Monday, July 24, 2006

 

That Raise Might Take 4 Years to Earn as Well

Those with bachelor's degrees are finding their incomes stagnate despite a growing economy.
By Molly Hennessy-Fiske, Times Staff Writer
July 24, 2006

WASHINGTON — The economy has been steadily growing, with unemployment low and corporate profits at historic highs.

So why can't David Lewis get a decent raise?

Lewis worked his way up through a string of technology companies around San Jose, finally landing a $77,000-a-year Web design position. But in five years in that job, he received only a single 5% pay increase.

That was troubling for someone facing the rising costs of rent, food and raising a newborn daughter. But Lewis, 36, found it especially troubling because he had done what had traditionally helped Americans share in the benefits of a growing economy: He had earned a four-year college degree.

Wage stagnation, long the bane of blue-collar workers, is now hitting people with bachelor's degrees for the first time in 30 years. Earnings for workers with four-year degrees fell 5.2% from 2000 to 2004 when adjusted for inflation, according to White House economists.

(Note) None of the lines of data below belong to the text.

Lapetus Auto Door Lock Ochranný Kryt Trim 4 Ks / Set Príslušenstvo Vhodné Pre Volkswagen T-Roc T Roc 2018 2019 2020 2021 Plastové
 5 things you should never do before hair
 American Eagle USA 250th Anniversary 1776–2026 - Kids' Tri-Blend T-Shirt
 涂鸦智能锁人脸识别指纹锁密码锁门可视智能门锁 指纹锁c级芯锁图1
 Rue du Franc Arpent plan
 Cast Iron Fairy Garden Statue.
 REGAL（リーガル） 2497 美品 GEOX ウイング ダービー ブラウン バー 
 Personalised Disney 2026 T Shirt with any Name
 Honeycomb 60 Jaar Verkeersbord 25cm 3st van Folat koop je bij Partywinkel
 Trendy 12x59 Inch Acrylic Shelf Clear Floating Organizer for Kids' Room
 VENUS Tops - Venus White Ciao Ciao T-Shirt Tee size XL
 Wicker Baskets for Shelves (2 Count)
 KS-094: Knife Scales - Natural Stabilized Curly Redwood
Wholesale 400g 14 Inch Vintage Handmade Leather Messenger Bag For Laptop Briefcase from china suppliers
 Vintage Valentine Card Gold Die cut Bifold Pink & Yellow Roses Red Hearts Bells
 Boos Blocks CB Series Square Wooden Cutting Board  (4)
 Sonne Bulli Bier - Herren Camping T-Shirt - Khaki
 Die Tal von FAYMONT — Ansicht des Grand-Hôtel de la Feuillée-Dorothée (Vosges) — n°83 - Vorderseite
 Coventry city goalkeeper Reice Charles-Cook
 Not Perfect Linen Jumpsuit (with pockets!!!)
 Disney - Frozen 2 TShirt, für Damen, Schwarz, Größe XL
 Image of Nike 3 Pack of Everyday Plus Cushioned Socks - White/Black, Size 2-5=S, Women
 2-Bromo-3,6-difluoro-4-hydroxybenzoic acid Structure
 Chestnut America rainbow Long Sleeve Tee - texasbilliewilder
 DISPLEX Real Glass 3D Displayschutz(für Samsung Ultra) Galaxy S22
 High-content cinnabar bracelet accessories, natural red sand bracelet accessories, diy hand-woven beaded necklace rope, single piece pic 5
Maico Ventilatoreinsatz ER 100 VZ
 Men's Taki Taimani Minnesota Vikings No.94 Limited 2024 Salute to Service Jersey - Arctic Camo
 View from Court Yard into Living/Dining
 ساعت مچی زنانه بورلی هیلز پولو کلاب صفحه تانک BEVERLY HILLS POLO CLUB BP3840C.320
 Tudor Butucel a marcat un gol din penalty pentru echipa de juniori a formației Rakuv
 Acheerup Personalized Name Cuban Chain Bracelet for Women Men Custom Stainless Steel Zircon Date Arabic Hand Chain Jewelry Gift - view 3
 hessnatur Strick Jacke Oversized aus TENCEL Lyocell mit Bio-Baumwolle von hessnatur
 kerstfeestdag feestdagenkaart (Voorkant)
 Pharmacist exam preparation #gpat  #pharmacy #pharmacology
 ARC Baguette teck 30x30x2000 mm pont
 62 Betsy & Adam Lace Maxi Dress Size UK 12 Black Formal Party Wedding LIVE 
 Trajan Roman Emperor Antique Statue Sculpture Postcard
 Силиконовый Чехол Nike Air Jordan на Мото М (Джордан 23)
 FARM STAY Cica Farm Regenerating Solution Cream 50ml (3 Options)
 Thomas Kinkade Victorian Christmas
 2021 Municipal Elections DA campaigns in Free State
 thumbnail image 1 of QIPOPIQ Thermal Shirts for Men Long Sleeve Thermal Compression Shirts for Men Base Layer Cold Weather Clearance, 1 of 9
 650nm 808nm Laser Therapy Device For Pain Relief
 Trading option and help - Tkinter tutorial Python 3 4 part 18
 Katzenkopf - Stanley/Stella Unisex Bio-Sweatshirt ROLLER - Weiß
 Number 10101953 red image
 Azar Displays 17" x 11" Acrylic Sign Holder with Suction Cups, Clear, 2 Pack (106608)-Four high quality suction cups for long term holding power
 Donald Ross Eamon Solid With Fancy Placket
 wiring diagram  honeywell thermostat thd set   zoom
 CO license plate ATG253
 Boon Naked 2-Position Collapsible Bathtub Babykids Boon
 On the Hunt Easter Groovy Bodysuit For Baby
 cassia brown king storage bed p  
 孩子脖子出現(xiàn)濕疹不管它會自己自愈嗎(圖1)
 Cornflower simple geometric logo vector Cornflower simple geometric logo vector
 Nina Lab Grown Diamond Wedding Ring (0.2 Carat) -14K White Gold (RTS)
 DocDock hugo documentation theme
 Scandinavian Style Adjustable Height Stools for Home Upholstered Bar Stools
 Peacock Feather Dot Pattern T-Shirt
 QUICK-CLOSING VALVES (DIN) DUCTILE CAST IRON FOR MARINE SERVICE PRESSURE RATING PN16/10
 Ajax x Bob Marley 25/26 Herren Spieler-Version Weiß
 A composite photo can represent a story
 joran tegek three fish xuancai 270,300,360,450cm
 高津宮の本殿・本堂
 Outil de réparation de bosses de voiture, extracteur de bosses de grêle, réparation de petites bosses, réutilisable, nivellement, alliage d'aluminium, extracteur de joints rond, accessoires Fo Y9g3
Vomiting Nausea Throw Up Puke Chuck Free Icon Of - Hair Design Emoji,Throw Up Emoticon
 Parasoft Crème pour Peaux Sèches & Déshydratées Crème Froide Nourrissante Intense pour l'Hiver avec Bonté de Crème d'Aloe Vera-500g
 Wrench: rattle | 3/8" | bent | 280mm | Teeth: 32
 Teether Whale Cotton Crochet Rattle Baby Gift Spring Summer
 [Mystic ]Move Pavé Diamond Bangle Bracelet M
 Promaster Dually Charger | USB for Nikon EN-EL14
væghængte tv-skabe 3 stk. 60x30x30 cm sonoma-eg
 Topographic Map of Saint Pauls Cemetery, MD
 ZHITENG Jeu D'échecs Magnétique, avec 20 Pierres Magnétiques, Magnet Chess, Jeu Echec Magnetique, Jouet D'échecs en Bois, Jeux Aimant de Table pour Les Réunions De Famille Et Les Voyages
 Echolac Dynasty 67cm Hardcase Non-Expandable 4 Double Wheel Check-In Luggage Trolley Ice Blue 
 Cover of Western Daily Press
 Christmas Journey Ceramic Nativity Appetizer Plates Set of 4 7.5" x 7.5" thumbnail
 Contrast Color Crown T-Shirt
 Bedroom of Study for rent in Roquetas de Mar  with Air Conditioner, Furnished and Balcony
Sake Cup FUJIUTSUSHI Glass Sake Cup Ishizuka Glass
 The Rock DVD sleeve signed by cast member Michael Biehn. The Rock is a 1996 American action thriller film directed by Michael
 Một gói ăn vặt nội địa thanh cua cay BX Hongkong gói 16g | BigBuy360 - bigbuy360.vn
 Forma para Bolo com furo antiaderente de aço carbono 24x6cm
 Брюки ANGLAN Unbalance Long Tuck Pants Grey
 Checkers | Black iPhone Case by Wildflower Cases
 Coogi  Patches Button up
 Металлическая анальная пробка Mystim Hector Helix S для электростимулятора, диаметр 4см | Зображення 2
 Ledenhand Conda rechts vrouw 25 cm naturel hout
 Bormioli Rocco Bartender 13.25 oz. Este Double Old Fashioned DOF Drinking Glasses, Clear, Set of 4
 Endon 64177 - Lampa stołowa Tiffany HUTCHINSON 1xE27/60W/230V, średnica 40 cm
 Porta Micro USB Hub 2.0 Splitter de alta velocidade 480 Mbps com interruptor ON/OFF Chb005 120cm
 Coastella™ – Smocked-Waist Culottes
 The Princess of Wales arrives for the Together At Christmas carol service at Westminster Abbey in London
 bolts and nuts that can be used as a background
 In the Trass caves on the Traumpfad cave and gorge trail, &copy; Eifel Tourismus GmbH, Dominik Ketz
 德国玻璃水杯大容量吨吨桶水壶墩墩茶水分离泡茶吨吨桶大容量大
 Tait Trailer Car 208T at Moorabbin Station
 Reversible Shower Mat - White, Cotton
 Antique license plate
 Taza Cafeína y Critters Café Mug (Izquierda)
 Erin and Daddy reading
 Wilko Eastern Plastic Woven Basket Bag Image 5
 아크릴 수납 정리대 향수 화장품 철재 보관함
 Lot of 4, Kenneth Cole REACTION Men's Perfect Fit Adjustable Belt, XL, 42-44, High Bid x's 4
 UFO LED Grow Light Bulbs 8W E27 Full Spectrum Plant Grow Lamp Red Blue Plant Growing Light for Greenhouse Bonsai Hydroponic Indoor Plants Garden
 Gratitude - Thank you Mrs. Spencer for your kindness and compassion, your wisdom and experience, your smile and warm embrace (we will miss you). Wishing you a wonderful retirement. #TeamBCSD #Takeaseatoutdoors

It is a remarkable setback for workers who thought they were well-positioned to win some of the benefits of the nation's economic growth, and it may help explain why surveys show that many Americans think President Bush has not managed the economy well.

Not since the 1970s have workers with bachelor's degrees seen a prolonged slump in earnings during a time of economic growth. These workers did well during the last period of economic growth, 1995 to 2000, with inflation-adjusted average wages rising 12%, according to an analysis by the liberal-leaning Economic Policy Institute.

For Lewis, the decline in buying power prompted a drastic decision: Last year, he moved his family from San Jose to Gardnerville, Nev., where the cost of living is lower.

"Nothing else was going down except wages," said Lewis, who graduated from Cal State Long Beach in 1994 with a degree in fine arts. Now he is starting his own Web design business. His wife, Kimberly, works for the county director.

The recent wage slump has affected a substantial part of the workforce. About 30 million Americans age 20 to 59 have a four-year degree and no advanced degree, according to the National Center for Education Statistics.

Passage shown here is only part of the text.